Exercise brief - Please output only the lines that begin at the line with "ANT Antioch Black" and run through the end of the entries below, exactly as written. Drop all pictures.

Dataset records START

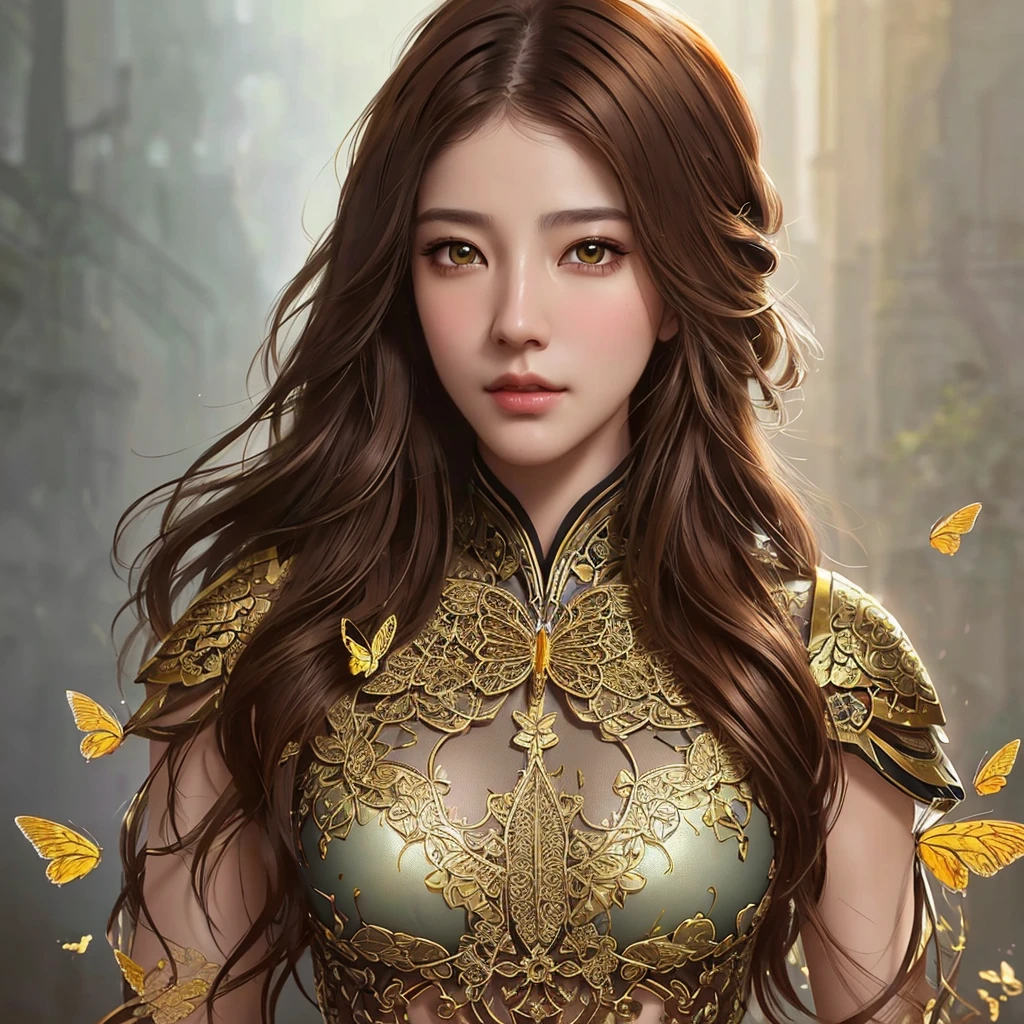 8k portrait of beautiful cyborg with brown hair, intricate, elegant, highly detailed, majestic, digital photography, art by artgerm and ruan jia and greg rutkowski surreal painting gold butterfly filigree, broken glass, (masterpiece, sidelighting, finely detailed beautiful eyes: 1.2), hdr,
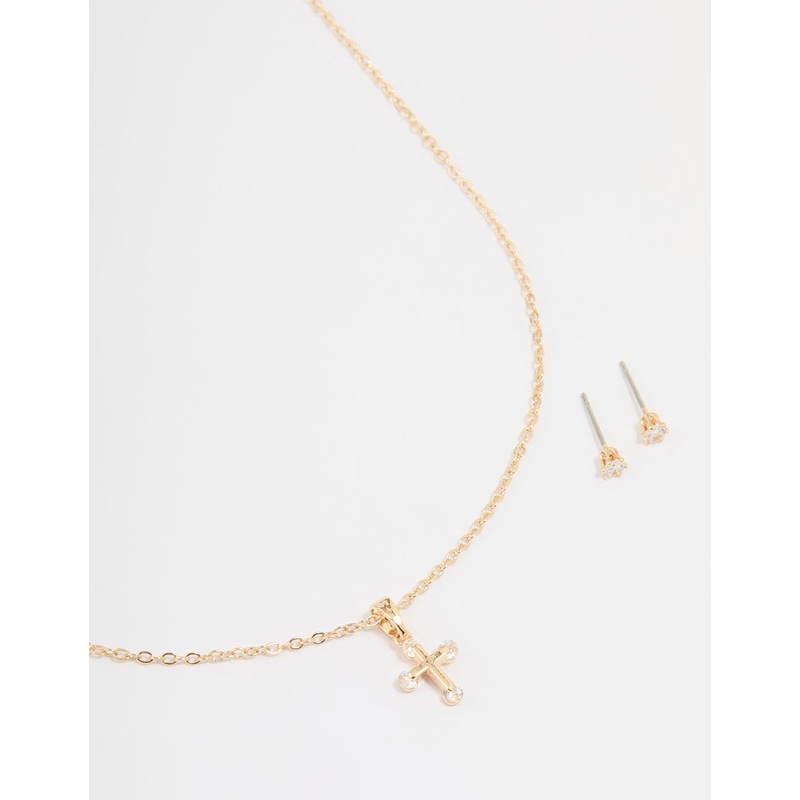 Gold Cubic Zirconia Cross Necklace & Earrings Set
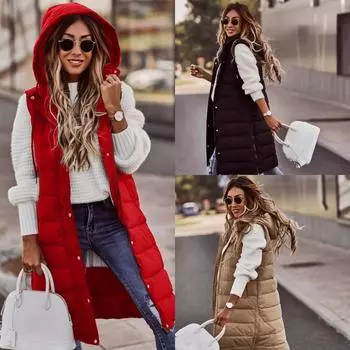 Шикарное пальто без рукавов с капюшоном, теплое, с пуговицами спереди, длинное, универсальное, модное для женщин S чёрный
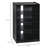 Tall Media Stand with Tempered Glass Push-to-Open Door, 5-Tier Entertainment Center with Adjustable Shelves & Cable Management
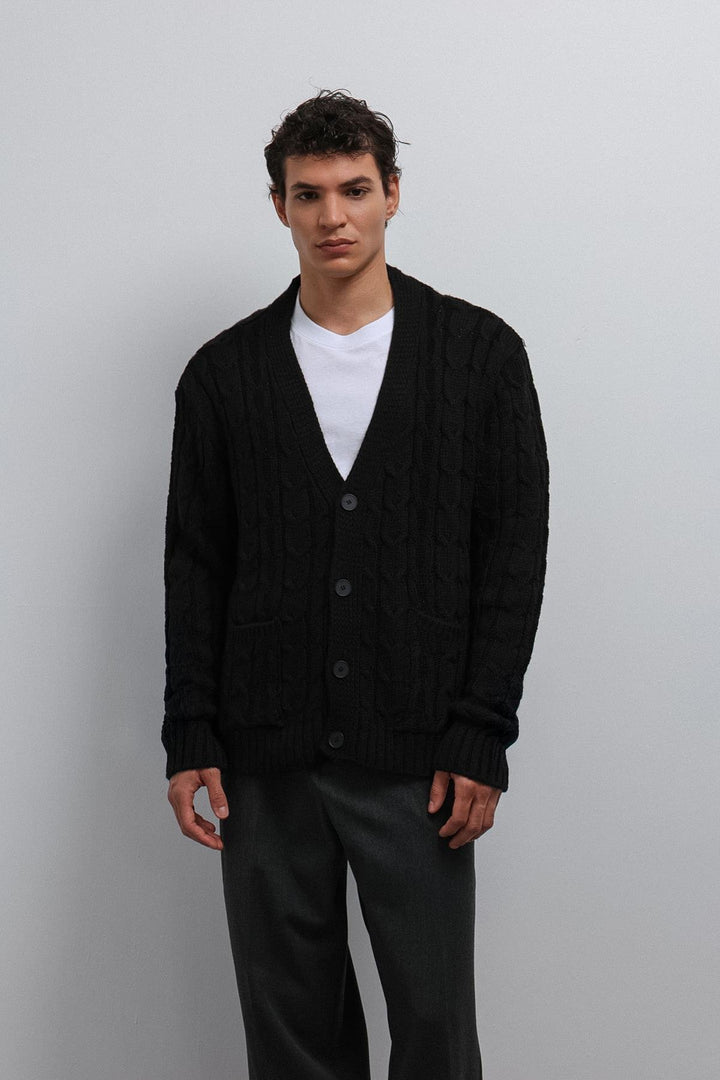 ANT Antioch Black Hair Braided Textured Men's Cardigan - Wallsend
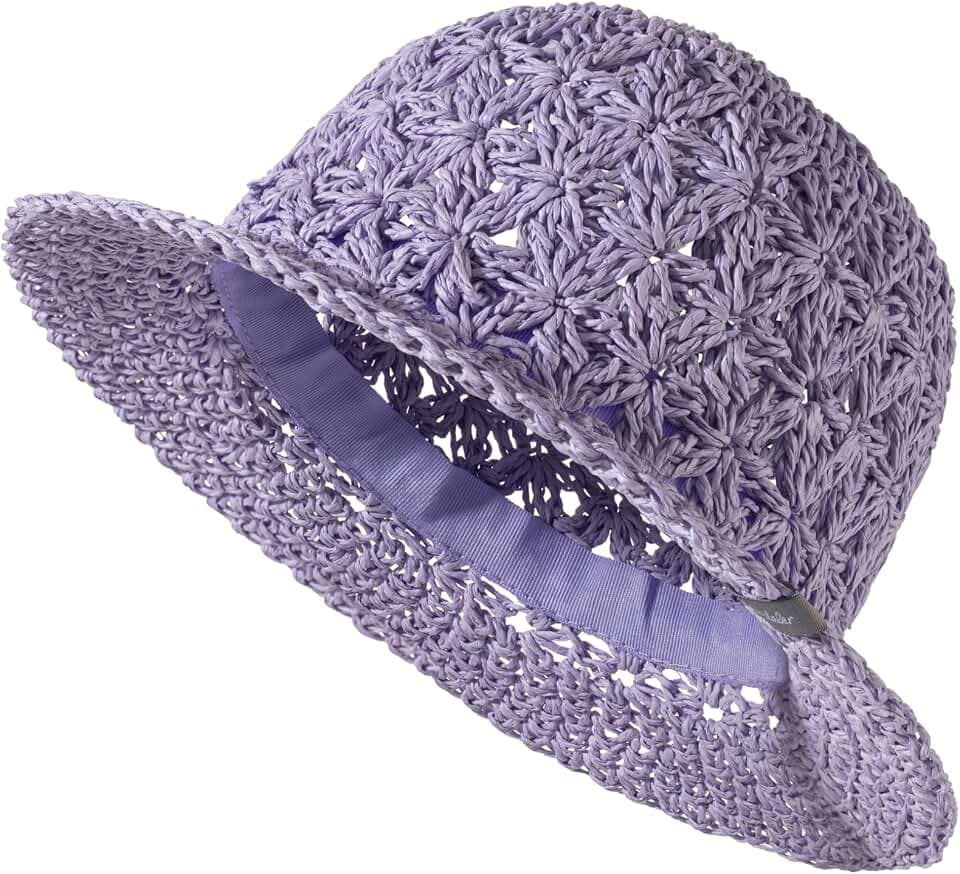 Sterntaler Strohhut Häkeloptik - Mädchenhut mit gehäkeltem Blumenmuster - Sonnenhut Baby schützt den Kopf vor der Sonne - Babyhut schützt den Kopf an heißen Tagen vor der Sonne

Dataset records END

Answer for the task -
 ANT Antioch Black Hair Braided Textured Men's Cardigan - Wallsend
 Sterntaler Strohhut Häkeloptik - Mädchenhut mit gehäkeltem Blumenmuster - Sonnenhut Baby schützt den Kopf vor der Sonne - Babyhut schützt den Kopf an heißen Tagen vor der Sonne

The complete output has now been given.